Veteran Raiders enforcer Sia Soliola has backed his Canberra side's 'siege mentality' ahead of this weekend's preliminary final showdown with the Melbourne Storm.
With the guidance of coach Ricky Stuart, the Raiders have fostered an 'us against the world' attitude in 2016 which helped them skyrocket to second on the NRL Telstra Premiership ladder.
It was on show again in the Raiders' 22-12 semi-final victory last Saturday night, when they eliminated a fast-finishing Penrith Panthers outfit.
"Canberra really caters for that mentality. You can hype it up as much as you want. We just love being here. We love the community, the town and the blokes we play with," Soliola told NRL.com.
"We really love our mateship and brotherhood here, and we're really relishing this time and enjoying the experiences we're having right now."
Soliola's first stint against the Panthers was among his best performance since arriving at the Raiders last year.
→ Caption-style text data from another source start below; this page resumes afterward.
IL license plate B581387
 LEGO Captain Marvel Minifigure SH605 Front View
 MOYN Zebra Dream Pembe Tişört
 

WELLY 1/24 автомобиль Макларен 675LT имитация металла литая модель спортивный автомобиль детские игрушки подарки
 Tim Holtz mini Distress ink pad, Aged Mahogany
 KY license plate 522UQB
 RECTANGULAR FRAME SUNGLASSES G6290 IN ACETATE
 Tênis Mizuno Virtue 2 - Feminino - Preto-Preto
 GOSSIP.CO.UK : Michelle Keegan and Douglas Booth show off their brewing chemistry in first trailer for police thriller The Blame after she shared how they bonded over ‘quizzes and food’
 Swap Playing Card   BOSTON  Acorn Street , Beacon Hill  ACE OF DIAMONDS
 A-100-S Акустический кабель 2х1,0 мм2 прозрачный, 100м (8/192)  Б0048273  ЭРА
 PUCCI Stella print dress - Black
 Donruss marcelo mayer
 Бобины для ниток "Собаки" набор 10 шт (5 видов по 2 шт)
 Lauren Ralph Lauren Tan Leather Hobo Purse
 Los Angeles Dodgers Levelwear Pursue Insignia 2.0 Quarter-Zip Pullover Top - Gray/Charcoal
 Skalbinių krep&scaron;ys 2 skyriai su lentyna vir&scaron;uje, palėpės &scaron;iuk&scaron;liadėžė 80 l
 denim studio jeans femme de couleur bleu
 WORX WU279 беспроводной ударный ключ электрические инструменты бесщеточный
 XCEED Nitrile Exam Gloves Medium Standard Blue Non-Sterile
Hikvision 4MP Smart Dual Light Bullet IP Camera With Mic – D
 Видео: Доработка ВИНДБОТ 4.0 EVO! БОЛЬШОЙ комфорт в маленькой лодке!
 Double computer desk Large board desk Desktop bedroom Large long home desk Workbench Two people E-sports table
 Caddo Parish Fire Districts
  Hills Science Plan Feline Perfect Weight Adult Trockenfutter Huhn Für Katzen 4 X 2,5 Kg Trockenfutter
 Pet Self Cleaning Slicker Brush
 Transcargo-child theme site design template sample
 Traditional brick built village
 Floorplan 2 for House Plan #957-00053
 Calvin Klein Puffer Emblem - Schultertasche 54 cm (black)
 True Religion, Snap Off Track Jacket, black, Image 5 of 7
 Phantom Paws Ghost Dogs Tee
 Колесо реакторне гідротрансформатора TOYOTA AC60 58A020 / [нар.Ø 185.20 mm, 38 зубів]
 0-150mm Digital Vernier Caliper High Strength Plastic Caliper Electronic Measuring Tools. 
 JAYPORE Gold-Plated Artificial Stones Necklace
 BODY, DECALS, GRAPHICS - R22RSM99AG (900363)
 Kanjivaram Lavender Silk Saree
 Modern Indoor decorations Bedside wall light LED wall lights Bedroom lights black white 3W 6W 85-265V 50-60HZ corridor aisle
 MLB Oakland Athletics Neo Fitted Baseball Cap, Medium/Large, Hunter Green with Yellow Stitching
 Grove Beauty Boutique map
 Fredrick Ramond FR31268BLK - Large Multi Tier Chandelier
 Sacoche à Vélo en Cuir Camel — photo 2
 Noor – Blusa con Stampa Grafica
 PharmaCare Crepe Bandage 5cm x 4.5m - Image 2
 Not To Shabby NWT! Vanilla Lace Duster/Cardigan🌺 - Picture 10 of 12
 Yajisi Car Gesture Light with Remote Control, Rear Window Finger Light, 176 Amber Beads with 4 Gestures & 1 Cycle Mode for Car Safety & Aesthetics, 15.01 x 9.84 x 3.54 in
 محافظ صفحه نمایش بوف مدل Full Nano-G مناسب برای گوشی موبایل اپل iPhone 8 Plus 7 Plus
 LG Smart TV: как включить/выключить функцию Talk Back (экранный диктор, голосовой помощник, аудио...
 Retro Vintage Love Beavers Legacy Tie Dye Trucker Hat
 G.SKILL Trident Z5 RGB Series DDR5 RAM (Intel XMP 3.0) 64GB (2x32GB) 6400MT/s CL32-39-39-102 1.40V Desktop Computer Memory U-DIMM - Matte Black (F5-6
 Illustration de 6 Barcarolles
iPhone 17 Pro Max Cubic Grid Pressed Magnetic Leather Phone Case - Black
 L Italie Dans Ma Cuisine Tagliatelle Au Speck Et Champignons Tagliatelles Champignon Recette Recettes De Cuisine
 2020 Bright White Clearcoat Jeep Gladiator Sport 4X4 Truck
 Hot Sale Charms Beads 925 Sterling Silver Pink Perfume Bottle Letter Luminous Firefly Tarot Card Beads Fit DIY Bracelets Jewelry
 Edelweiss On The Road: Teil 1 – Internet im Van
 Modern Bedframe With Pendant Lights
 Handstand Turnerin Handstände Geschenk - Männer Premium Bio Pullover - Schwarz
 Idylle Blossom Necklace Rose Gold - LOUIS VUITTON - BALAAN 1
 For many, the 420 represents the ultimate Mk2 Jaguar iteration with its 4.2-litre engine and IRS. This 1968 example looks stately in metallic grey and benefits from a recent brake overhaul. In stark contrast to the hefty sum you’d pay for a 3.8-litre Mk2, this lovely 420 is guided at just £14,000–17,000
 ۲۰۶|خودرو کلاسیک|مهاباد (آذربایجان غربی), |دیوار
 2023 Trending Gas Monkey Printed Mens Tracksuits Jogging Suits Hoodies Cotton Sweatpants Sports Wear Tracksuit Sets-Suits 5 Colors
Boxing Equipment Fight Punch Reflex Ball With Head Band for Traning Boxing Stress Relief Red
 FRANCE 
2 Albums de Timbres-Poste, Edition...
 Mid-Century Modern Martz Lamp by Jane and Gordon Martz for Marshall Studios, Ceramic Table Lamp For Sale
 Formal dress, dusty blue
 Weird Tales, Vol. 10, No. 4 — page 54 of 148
A man on a mission, Soliola tore shreds off the Panthers' middle men and produced a charge-down on Penrith halfback Nathan Cleary that former Bulldogs and Warriors great Steve Price would have been proud of.
Soliola's inspiration came from the Raiders' disappointing qualifying final loss to the Sharks the week prior, and a focus on starting the game strongly alongside props Junior Paulo and Shannon Boyd.
"It's a do-or-die attitude I have. We have been pretty desperate lately," Soliola said.
"It was tough going down to the Sharks but we learnt a lot from that. It's something we always speak between Boydy, Junior and me in terms of sparking the side in the first 20.
"We have that responsibility to start the game well and that's all we can do, just do our job the best that we can for the team."
Soliola's mid-season move to lock – at the expense of fellow veteran Shaun Fensom – has provided the 30-year-old a new lease at life.
The Samoan and Kiwis international spent time in the No. 13 jumper at St Helens in his final season in the Super League, which helped convince Stuart to shift Soliola to the middle of the paddock.
"When I spoke to Ricky earlier this year I told him having Elliott [Whitehead] and Papa (Josh Papalii) on the edges was for the best because I could still filter around the middle," Stuart said.
"We tried using Papa a little bit in the middle last year and that didn't work for him. It's fortunate I can be a little versatile there.
"I've played on the wing, the back row and in the centres this season so I'm happy to play wherever I'm needed. It's all about the club first."